Dalla Deodato, la galleria milanese che sta ospitando la sua famosissima personale “Milan is beautiful, descrivono Mr. Brainwash come un artista positivo, un uomo coraggioso, un intellettuale a 360 gradi che ha fatto dell’arte e della ricerca artistica la sua missione di vita.

Era la scorso 4 aprile quando, contemporaneamente con il finissage della mostra di Banksy e la relativa performance di TvBoy al Mudec, inaugurava la personale di Thierry Guetta negli spazi pettinati di via Santa Marta. L’idea era, ovviamente, quella di passare da entrambi: una storica dell’arte con l’amore per la cronaca deve essere sempre sul pezzo, visitare tutto e farsi un’idea del mondo, anche di quel mondo che proprio non le piace. Eppure, questa visione impegnata (e impegnativa) della vita è stata schiacciata, 11 giorni fa, dalla noia: la stessa noia che pervade una persona che sente che mezza Milano si sposterà a mò di gregge dal Mudec alla Deodato, giusto per il gusto di annunciarlo sui social, giusto per il gusto di farsi un selfie, giusto per il gusto pruriginoso di vedere (o, almeno, provarci) dei tizi che fanno la Street Art.

Un discorso snobista? Oui, touché. E così, mossa dal senso di colpa, durnte il week end del Fuorisalone ho deciso di darmi una mossa e andare a vedere questa mostra evento per conoscere il più possibile lo stato dell’arte del momento e farmi un’idea di quel che c’è in giro. Spronata, soprattutto, dalle parole di Rendo, che in modo molto più diligente di quanto io abbia fatto è andato per tempo a vedere la mostra. E che mi ha detto: “Vieni a vederla! Anche se è tempo buttato via, almeno ti rendi conto di cosa non è arte”.

Già.
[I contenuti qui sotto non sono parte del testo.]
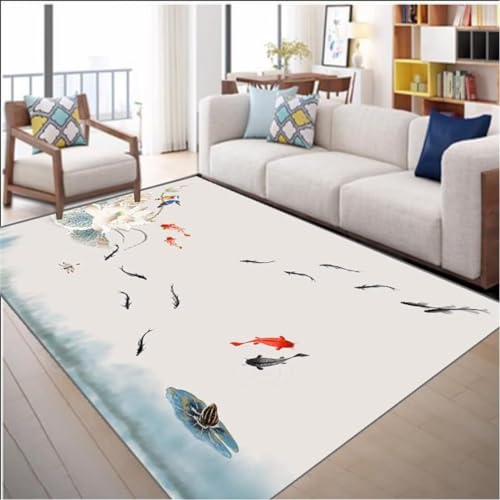 Kunsen Fell teppiche für Schlafzimmer Teppich weich Orientalischer Teppich Fischschule dekoriert Wohnzimmer großer Teppich verblasst Nicht Teppich für bürostuhl 200X290CM von Kunsen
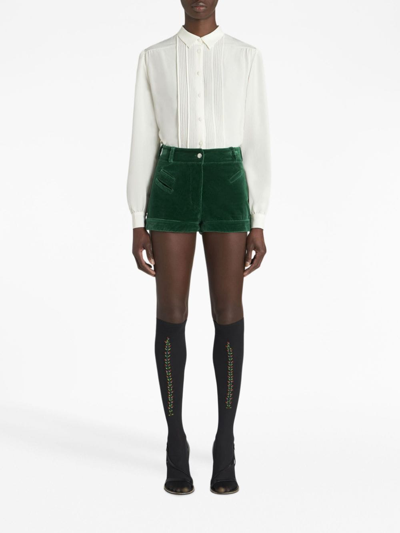 Shop Etro Velvet Cotton Shorts In Green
Giusto per dare due info pratiche, la mostra si snoda nelle due sedi della Deodato e riprende, seppur in maniera molto ridotta e con pezzi nuovi, la sua prima esibizione “Life is Beautiful”, che si tenne nell’estate 2008 in un gigantesco magazzino abbandonato a Los Angeles. In quell’occasione, a racconatare l’impresa di Mr. Brainwash c’erano anche le telecamere di Banksy, che proprio a Thierry Guetta ha dedicato il docufilm “Exit through the gift shop”, lo stesso che ha consacrato l’artista di origini francesi alla fama e alla gloria. Del resto, non stiamo parlando di uno del tutto avulso dalla cultura della strada: amico “indotto” di Banksy, prima di diventare Mr. Brainwash Guetta era un mezzo squattrinato con la passione per i video. Cugino del francese Space Invader, nella sua breve carriera di video maker ha conosciuto tutti i grandi, come il docufilm “Exit through the gift shop” dimostra.
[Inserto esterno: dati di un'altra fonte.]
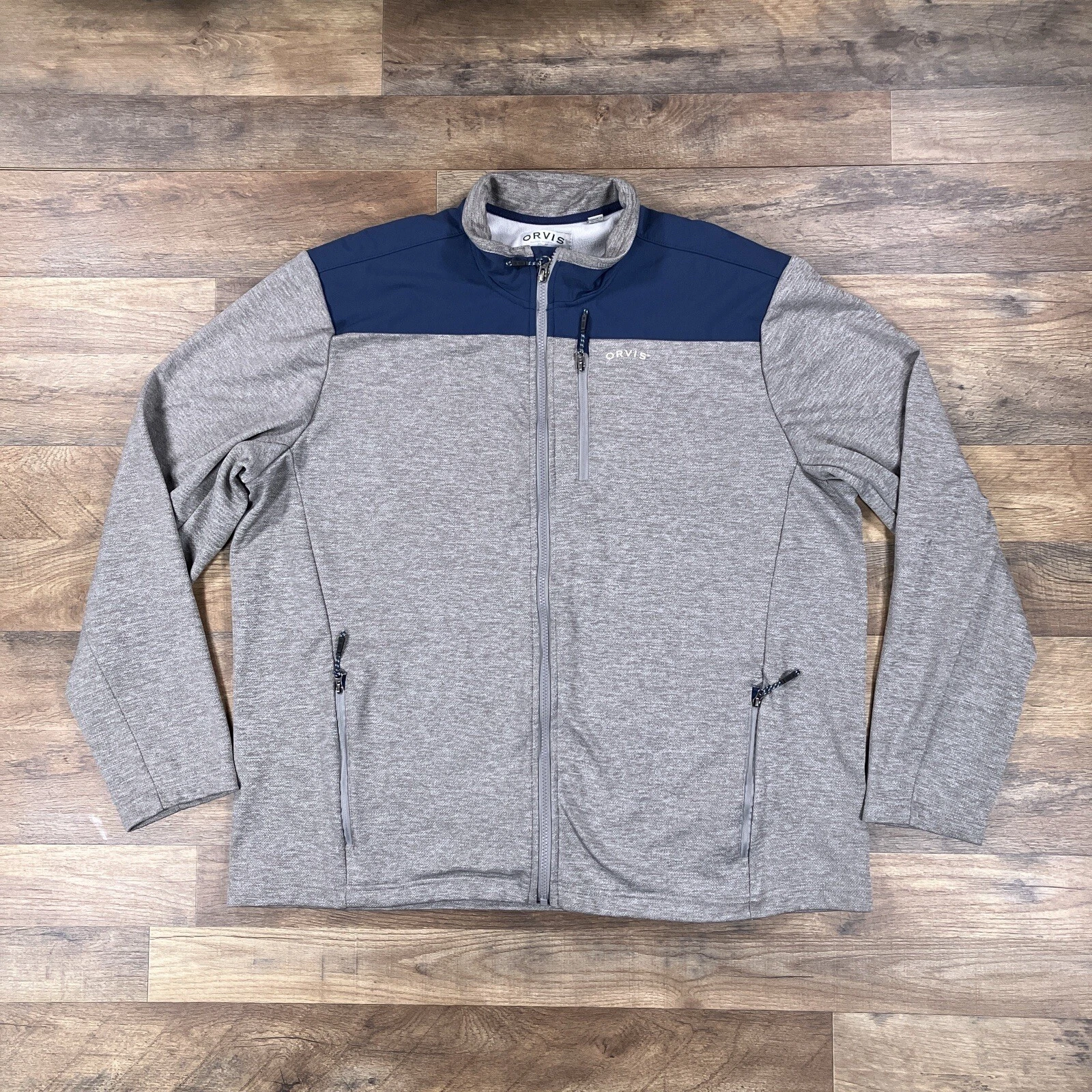 Orvis Jacket Mens 2XL Gray Fleece Knit Full Zip Outdoor Hiking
Eppure… “La mostra – mi dice Rendo – è ciò che ci aspettavamo: una riproposizione dello stereotipo della Street Art. Mr. Brainwash è un bravissimo marketer: produce cose sapendo già ciò che la gente si aspetta di vedere da lui. Da spettatore, quando arrivi alla mostra, vedi ciò che ti aspetti, come quando vai in una località turistica e ti aspetti di trovare, che ne so, a Napoli Pulcinella che fa la pizza, e lui fa quello. Con questa tecnica non costringe le persone a sforzarsi a pensare ma dàloro delle risposte preconfezionate, ossia nulla di nuovo. Non c’è arte in quello che fa ma solo pubblicità, marketing, motivo, questo, per cui vende”.
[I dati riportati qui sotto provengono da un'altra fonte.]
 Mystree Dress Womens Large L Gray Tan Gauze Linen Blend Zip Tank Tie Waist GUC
Ossia? “Lui – procede Rendo – ricicla tutto quello che già esiste nell’immaginario collettivo, non produce nulla di nuovo: Keith Haring, Banksy, la Pop Art, Albert Einstein, Charlie Chaplin, prende tutto, lo mischia e ne fa un frullato senza senso, senaza una logica che non sia quella di confermare quello che la gente si aspetta. Hai in mente i video dei gattini su YouTube, che vanno di brutto e che hanno milioni di like? Ecco, lui fa i video di gattini inversione Street Art: a chi non piacciono i gattini? Piacciono a tutti! Ma sono arte? No. E lui è un gattinaro furbo”.